RENTON, N.J. – Television manufacturer Vizio and a subsidiary will pay $2.5 million to settle allegations that they secretly tracked consumers’ viewing habits and sold the information to marketing companies and data brokers.

The settlement announced Monday ends parallel investigations conducted by the state and the Federal Trade Commission into the use of data-collecting technology on Vizio’s smart TVs.

Acting FTC chairman Maureen Ohlhausen said in a statement that “Vizio deceptively omitted information about its data collection and sharing program. Evidence shows that consumers do not expect televisions to collect and share information about what they watch.”

The FTC will get $1.5 million and the state will receive $1 million. The state will suspend $300,000 in civil penalties included in its settlement amount if Vizio complies with the agreement.

According to legal documents, Irvine, California-based Vizio and a subsidiary manufactured smart TVs that captured second-by-second information about video displayed on the sets. The data was sold to marketing companies and data brokers to measure viewing habits, such as the effectiveness of ad campaigns.

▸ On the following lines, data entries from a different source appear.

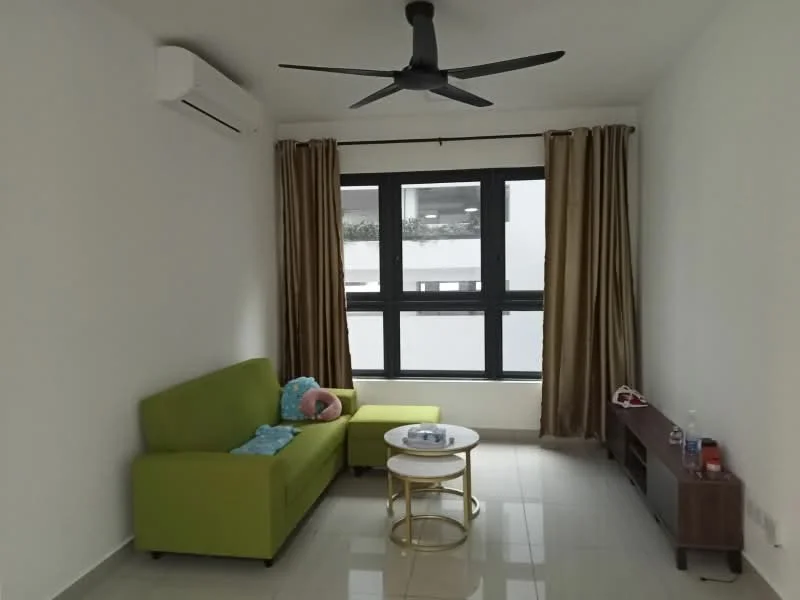 Living features: green fabric sofa, round white coffee table, wooden TV console, floor-to-ceiling windows, sheer curtains, 1 wall-mounted split AC, light-colored tiled flooring, ceiling fan with light; style: modern.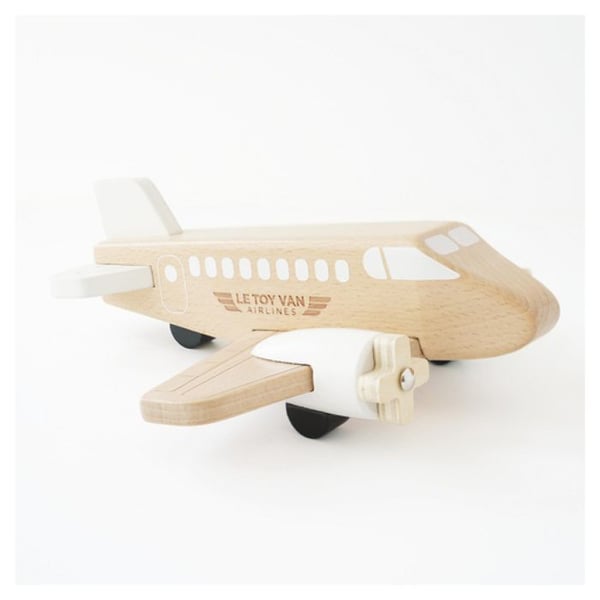 Flygplan i naturligt trä 20cm
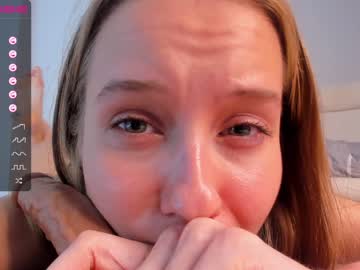 webcam girl tinaaarpp live cam image #3877208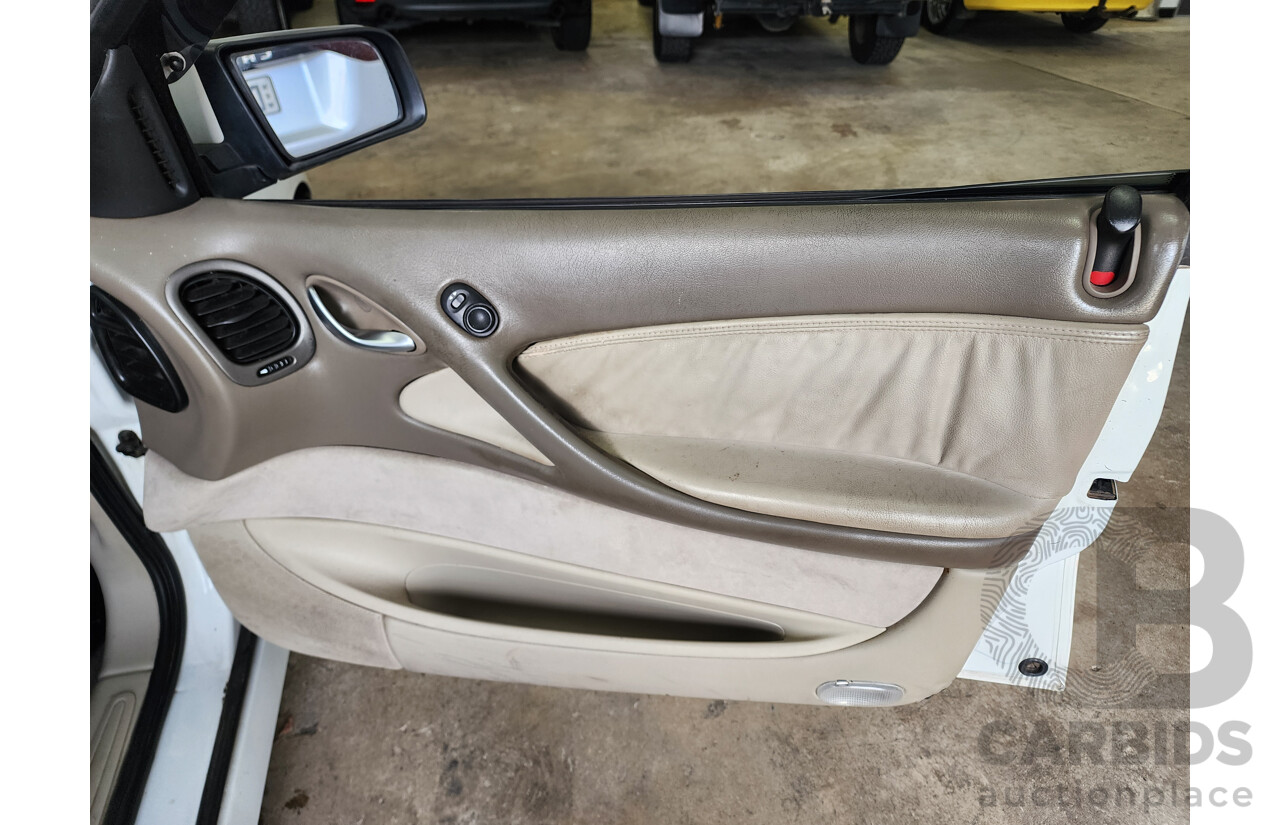 9/2002 Holden Calais  VXII 4d Sedan White 3.8L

Jerry Huang, Vizio’s general counsel, noted that the company’s automated data collection program did not link the data to people’s personally identifiable information. “Today, the FTC has made clear that all smart TV makers should get people’s consent before collecting and sharing television viewing information, and VIzio now is leading the way,” he said in a statement.

Although Vizio did not individual consumers’ names or contact information to outsides parties, the information did include such information as people’s sex, age, income, education and other demographic data, according to the FTC.

Consumers who own a Vizio TV can go to the settings menu to find information on automated content recognition, the FTC said. More information on privacy and online security are available on the agency’s site.